- Founded: November 24, 1908; 117 years ago University of Washington
- Type: Honor
- Affiliation: ACHS
- Status: Active
- Emphasis: Forestry
- Scope: North America
- Colors: Green and Gray
- Chapters: 34 active
- Members: 24,000+ lifetime
- Headquarters: Xi Sigma Pi - National Office, Oregon State University 3100 SW Jefferson Way 216 PFSC Corvallis, Oregon 97331 United States
- Website: www.xisigmapi.org

= Xi Sigma Pi =

International forestry honor society

Xi Sigma Pi (ΞΣΠ) is an international honor society for Forestry and related sciences. It was founded on November 24, 1908, at the University of Washington and has chartered 46 chapters in the United States and Canada.

==History==
Xi Sigma Pi was founded on November 28, 1908, at the University of Washington. It was created "to secure and maintain a high standard of scholarship in forestry education, to work for the improvement of the forestry profession, and to promote a fraternal spirit among those engaged in activities related to the forest." The mission has been expanded in recent years to award students of similar achievement in the natural resources related to the forested environment.

It remained a local organization until 1915 when discussion and a new constitution led to an opening for national expansion. The Beta chapter was founded at Michigan State University in 1916, followed by the University of Maine in 1917. Over 40 chapters have now been established.

Xi Sigma Pi was admitted to the Association of College Honor Societies in 1965, temporarily dropped membership in the late 1990s, and was reinstated at the 2017 ACHS convention. In 1991, the society had 24,000 initiates, 42 active chapters, and one inactive chapter.

==Symbols==
The Xi SIgma Pi badge is an oval key or pin with an engraved fir tree surmounting an inverted crescent. Surrounding the tree are the capital Greek letters ΞΣΠ, and beneath it an oval containing the Greek letters ΠΑ.

Its colors are green and gray (Note that until 1992 they had been green and navy).

== Chapters ==

The Society has established 46 chapters in the United States and Canada; 34 remain active as of 2024.

==Membership==
Undergraduates eligible for election as active members of a chapter must have completed a minimum of 74 semester hours of scholastic work (or 110 quarter-system hours), be ranked in the upper 25 percent of their class, and have attained a scholastic average equivalent to "B" or higher letter grade. The student must have completed 10 of their semester hours (15 quarter-system hours) in forestry resources management classes.

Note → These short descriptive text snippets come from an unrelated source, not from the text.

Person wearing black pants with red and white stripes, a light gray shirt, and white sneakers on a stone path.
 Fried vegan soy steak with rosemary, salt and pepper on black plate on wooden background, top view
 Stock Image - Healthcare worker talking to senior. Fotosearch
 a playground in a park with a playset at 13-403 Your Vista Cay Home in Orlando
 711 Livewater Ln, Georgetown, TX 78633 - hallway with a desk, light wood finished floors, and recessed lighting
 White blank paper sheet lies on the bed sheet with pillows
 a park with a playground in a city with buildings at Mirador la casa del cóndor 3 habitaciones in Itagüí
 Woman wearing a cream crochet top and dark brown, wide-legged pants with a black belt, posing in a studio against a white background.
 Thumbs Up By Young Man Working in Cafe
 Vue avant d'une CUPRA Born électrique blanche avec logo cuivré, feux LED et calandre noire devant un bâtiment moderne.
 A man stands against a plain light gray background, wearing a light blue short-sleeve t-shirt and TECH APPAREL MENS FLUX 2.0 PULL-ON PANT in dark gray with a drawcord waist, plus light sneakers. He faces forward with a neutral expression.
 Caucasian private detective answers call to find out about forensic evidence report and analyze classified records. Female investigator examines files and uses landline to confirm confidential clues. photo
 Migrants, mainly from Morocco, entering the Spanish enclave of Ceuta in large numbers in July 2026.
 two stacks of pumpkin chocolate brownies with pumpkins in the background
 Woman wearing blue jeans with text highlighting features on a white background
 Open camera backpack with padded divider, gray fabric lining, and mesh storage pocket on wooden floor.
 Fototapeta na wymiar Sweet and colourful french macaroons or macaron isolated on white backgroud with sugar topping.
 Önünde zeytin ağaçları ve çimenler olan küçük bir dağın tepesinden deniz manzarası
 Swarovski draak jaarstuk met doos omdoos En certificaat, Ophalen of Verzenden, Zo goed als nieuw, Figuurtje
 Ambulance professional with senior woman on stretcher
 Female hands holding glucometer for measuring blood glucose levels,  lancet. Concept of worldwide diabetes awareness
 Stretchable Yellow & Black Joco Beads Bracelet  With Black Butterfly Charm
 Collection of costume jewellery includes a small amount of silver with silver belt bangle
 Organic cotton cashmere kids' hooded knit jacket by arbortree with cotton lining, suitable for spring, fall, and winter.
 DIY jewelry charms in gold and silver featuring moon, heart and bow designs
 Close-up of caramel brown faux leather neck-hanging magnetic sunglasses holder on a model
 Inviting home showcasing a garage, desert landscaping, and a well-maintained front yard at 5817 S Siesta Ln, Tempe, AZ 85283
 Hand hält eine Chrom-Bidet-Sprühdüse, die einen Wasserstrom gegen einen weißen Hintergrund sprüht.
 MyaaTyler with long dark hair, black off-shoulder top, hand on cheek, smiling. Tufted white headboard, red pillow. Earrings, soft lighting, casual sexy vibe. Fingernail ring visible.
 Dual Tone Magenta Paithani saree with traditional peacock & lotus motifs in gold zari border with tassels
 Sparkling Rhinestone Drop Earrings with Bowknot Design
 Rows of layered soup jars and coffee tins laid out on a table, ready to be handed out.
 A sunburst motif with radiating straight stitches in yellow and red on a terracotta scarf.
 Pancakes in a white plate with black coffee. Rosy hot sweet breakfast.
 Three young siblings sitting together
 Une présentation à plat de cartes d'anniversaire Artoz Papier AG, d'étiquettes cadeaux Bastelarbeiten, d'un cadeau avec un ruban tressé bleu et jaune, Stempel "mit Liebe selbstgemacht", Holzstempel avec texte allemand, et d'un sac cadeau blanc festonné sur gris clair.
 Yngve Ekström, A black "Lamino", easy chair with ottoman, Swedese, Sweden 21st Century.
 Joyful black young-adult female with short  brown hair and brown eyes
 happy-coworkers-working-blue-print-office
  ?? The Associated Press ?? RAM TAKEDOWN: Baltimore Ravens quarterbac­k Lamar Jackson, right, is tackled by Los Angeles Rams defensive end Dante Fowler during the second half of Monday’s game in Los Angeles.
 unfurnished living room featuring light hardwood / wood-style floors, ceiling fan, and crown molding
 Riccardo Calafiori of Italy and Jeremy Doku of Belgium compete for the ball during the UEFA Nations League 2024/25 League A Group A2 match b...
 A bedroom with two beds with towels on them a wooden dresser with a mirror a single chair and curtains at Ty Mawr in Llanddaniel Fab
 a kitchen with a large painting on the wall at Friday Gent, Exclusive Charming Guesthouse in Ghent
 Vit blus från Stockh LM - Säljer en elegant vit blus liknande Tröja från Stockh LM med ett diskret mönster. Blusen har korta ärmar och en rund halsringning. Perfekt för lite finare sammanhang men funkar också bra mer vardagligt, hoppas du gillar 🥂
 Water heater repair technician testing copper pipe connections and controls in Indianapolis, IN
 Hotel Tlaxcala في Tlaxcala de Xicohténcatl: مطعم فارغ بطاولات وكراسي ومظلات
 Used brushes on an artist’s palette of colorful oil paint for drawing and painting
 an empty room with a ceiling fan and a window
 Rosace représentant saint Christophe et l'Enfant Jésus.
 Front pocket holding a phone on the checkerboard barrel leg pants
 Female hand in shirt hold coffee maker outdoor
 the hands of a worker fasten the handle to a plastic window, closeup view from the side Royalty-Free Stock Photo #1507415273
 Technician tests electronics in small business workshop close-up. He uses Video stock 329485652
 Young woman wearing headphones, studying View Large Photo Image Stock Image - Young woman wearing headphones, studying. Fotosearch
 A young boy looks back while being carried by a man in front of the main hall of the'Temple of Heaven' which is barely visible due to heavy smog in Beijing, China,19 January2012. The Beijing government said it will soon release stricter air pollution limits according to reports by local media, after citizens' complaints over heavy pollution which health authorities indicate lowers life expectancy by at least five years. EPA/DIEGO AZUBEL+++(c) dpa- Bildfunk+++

An individual's personality and character are scrutinized no less closely than their scholastic rank. The student must have shown a creditable interest and activity in their curriculum, and give promise of attaining high professional achievement. Election to membership is dependent upon a composite rating rather than upon scholastic ability alone. Provisions are made for graduate students and faculty to join, with the intent that chapters encourage all levels of membership.

==Activities==
The society seeks to encourage the long-term health of the profession by contributing to the endowment fund of the Society of American Foresters. To support scholarship, the society established a national technical paper contest, with regional scholarship awards that recognize excellence in forestry academic achievement. Up to five regional winners are selected by participating chapters.

==Governance==
Government is by convention, held biennially in conjunction with the annual meetings of the Society of American Foresters. Each biennium, a chapter is designated the National Chapter, from which national officers of that biennium are chosen. The current governing chapter is the Zeta chapter at Oregon State University in Corvallis, Oregon.